Paul Stadler, since October the FPOe head of Simmering council, is no fan of mass immigration, of Muslim "parallel societies" or "economic migrants" taking jobs from Austrians.

"Austria is still a Christian country, and at the moment it looks like we are being overrun by Islamism," Stadler told AFP. "We have 500,000 unemployed. The more we take in, the harder it is to deal with the native inhabitants."

But, he says, such matters are "for the television". His job as a local politician is to deal with day-to-day concerns like public transport -- something the left forgot how to do.

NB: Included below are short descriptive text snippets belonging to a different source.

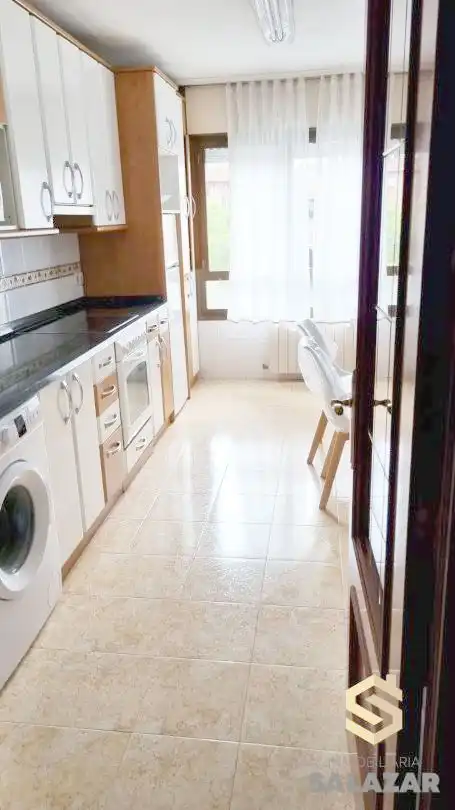 Cocina de Piso de alquiler en Bilbao  con Calefacción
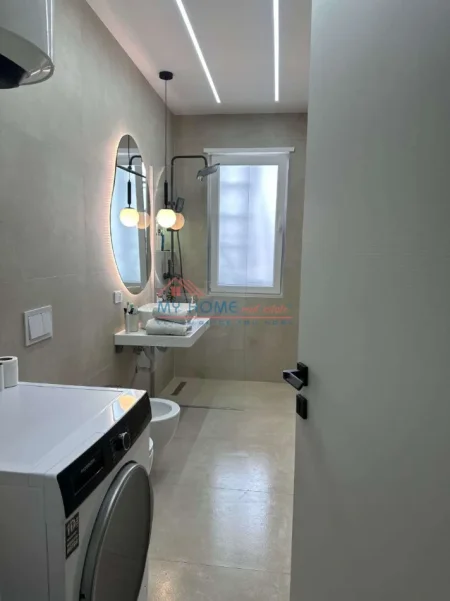 Tirane, shitet apartament 2+1+Ballkon Kati 8, 97 m² 145.000 € (Univers City)
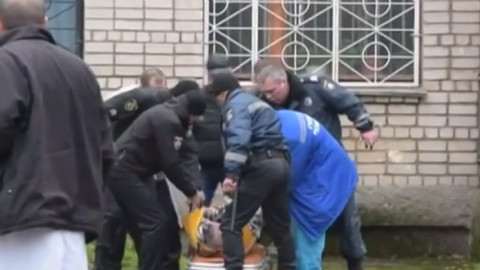 乌克兰一庭审现场手榴弹爆炸致11人死伤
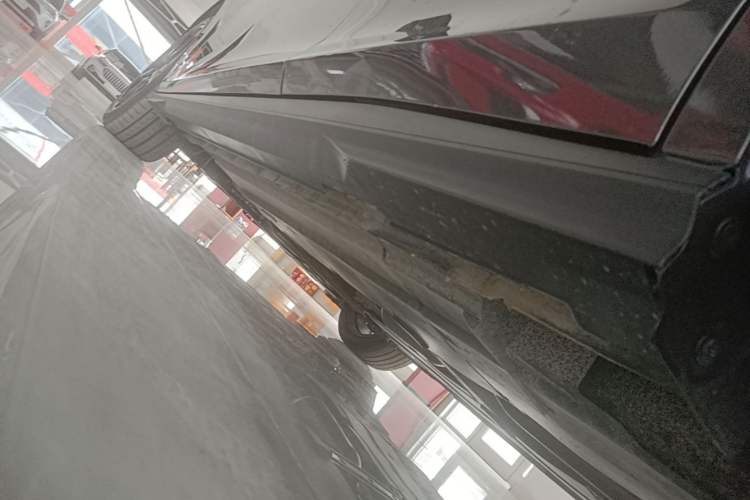 Used CHANGAN UNI-V 2022 1.5T Prestige Version Left Side Sill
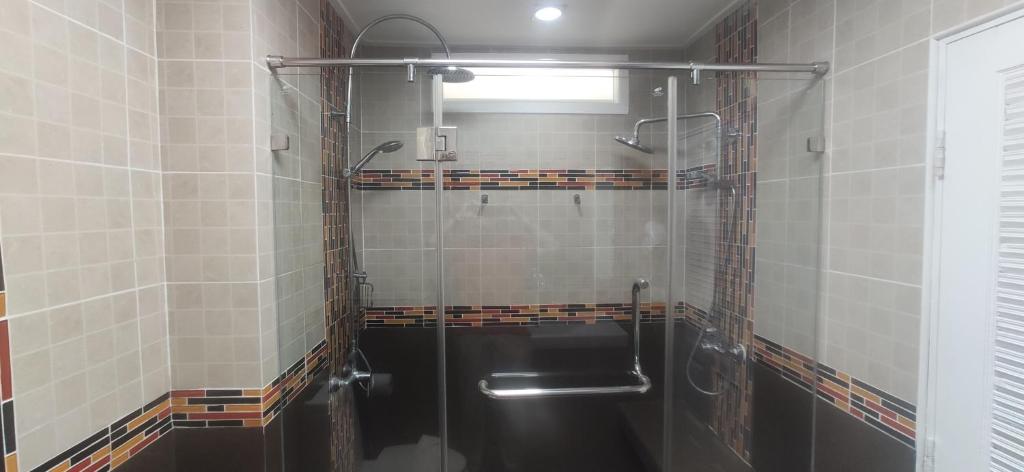 Pattaya Beach View Talay 6 by AEGEAN Suite Condo - Resim 3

"The SPOe were very arrogant. They didn't listen to the people any more, they governed over their heads," Stadler said in his office in Simmering town hall. "We talk to the people, find out what the problems are and deal with them."

That strategy has won the FPÖ hundreds of thousands of working-class votes. It can be applied here in Australia. Nationalist activists campaigning for office only need to relegate Holocaust denial, anti-Semitism, 'debating anti-whites' and 'fighting white genocide', the rights and wrongs of the wars in Syria and the Ukraine, predictions of race wars, conspiracy theories regarding the New World Order, to the background - the masses aren't interested in these subjects as we are - and concentrate on what the above AFP article calls 'day to day concerns'. Instead of imposing our ideological preoccupations and obsessions on the masses, we allow the masses to impose their wants, worries and cares on us.

 In Australia, we should look at running at the council level, not at the state and federal - which are the province of the two major parties. The councils represent the one chink in the enemy's armour.

To some, I may appear to be contradicting myself here: that I'm advocating neo-Nazism on one hand and advocating the doing away with it on the other. But one's radical ideology needn't be thrown out the window in the pursuit of electoral success: one can be a grass-roots populist and at the same time retain a political world-view which is radical and intellectual. The Militant Tendency in Liverpool in the 1980s gives us the best example of this. That crackbrained Trotskyite outfit infiltrated local Labour Party branches in Liverpool, got themselves elected to the City Council, and within a short amount of time achieved absolute control over that body. How did they do this? By listening to the working-classes and by breaking down Trotskyism - which, like all Marxist-Leninist theories, is highly esoteric and intellectual - into layman's terms. One could say that they returned Bolshevism to its roots. I argue that the same can be done for Hitlerism.